Work instructions
Drop the pictures, then repeat every record exactly as it stands.
--- START ---
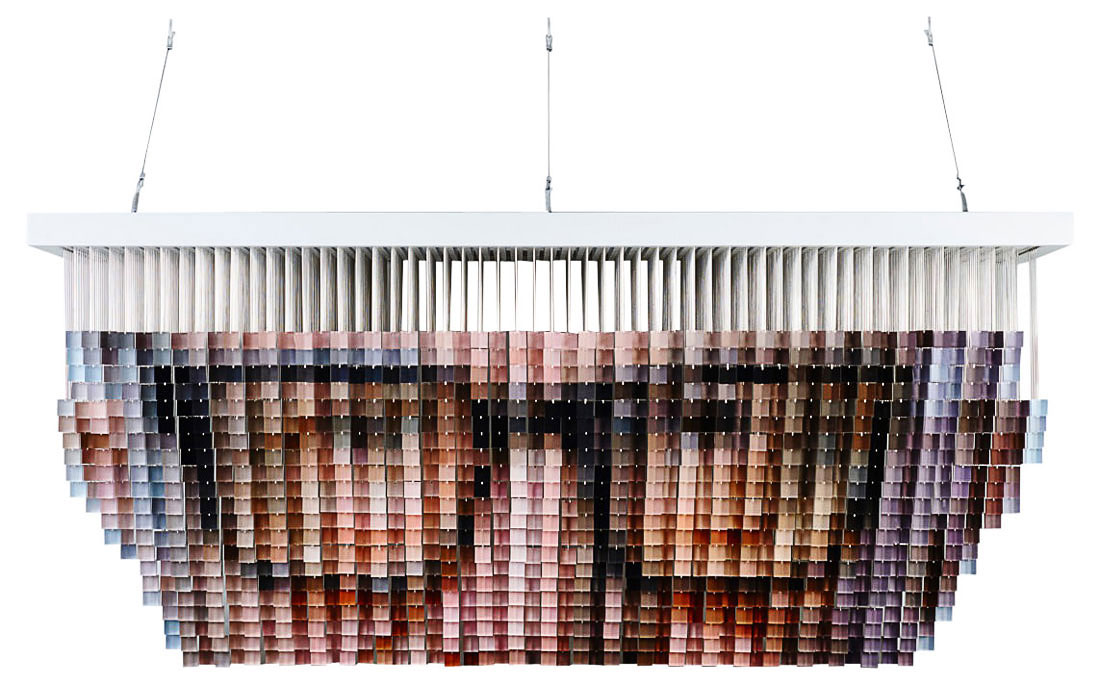 Andrew Myers -My Dealer Is Not A Square, 2015 1200 hand-painted 1" acrylic cubes, 800 yards of stainless steel rods, and wood hanging rods in a white metal frame 28 x 61 x 27 in (71.12 x 154.94 x 68.58 cm) Edition of 2 Estimate $50,000 - $55,000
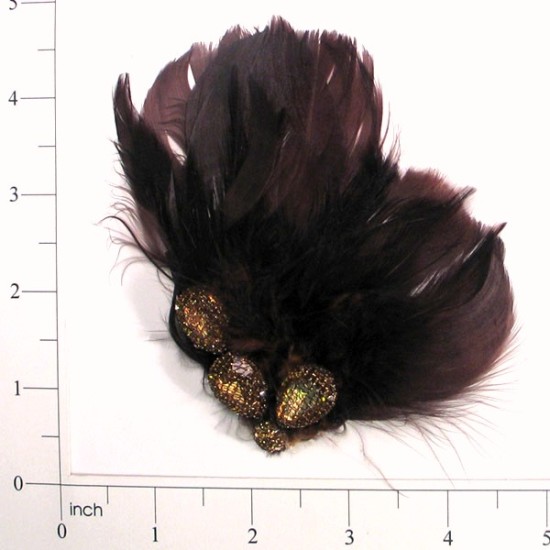 E4151   Auburn Brown & Gold Feather Brooch 5.5
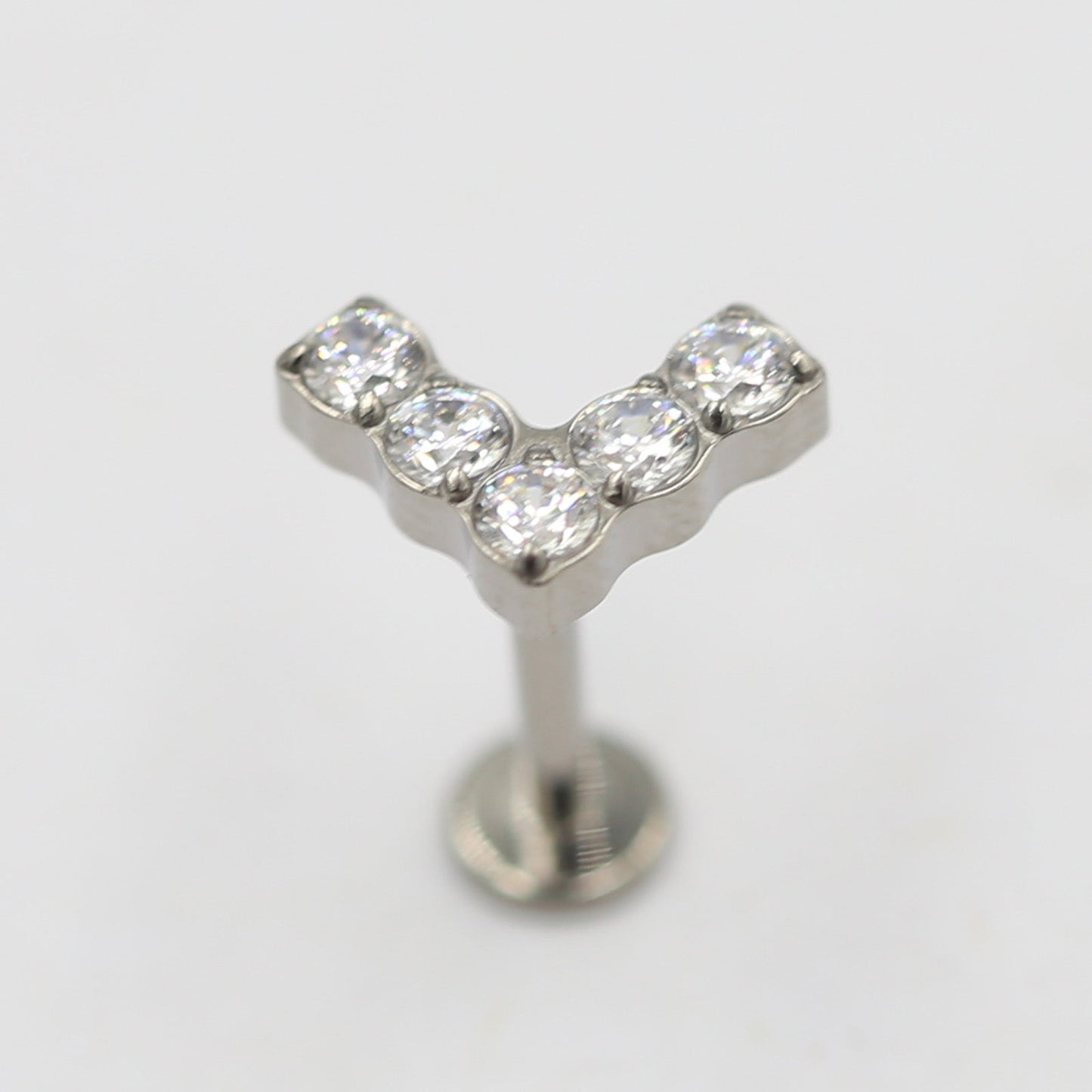 16G ASTM F136 Titanium Internal Thread Labret Stud Arrow CZ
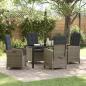 Preview: ARDEBO.de - 5-teiliges Garten-Esszimmer-Set mit Kissen Grau Poly-Rattan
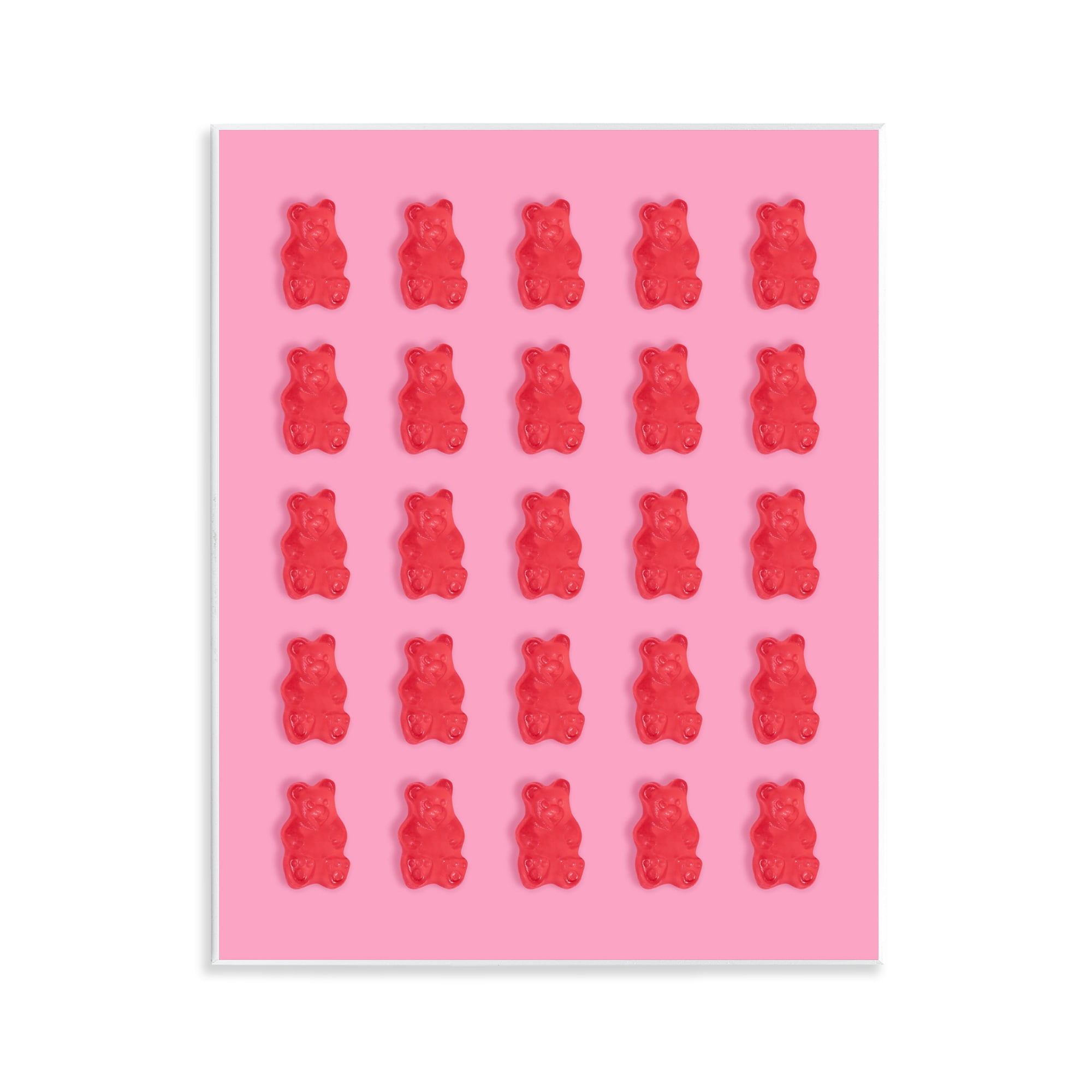 Stupell Industries Red Gummy Bears on Pink Wall Plaque Art, design by LISH Creative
--- END ---
Finished task
 Andrew Myers -My Dealer Is Not A Square, 2015 1200 hand-painted 1" acrylic cubes, 800 yards of stainless steel rods, and wood hanging rods in a white metal frame 28 x 61 x 27 in (71.12 x 154.94 x 68.58 cm) Edition of 2 Estimate $50,000 - $55,000
 E4151   Auburn Brown & Gold Feather Brooch 5.5
 16G ASTM F136 Titanium Internal Thread Labret Stud Arrow CZ
 Preview: ARDEBO.de - 5-teiliges Garten-Esszimmer-Set mit Kissen Grau Poly-Rattan
 Stupell Industries Red Gummy Bears on Pink Wall Plaque Art, design by LISH Creative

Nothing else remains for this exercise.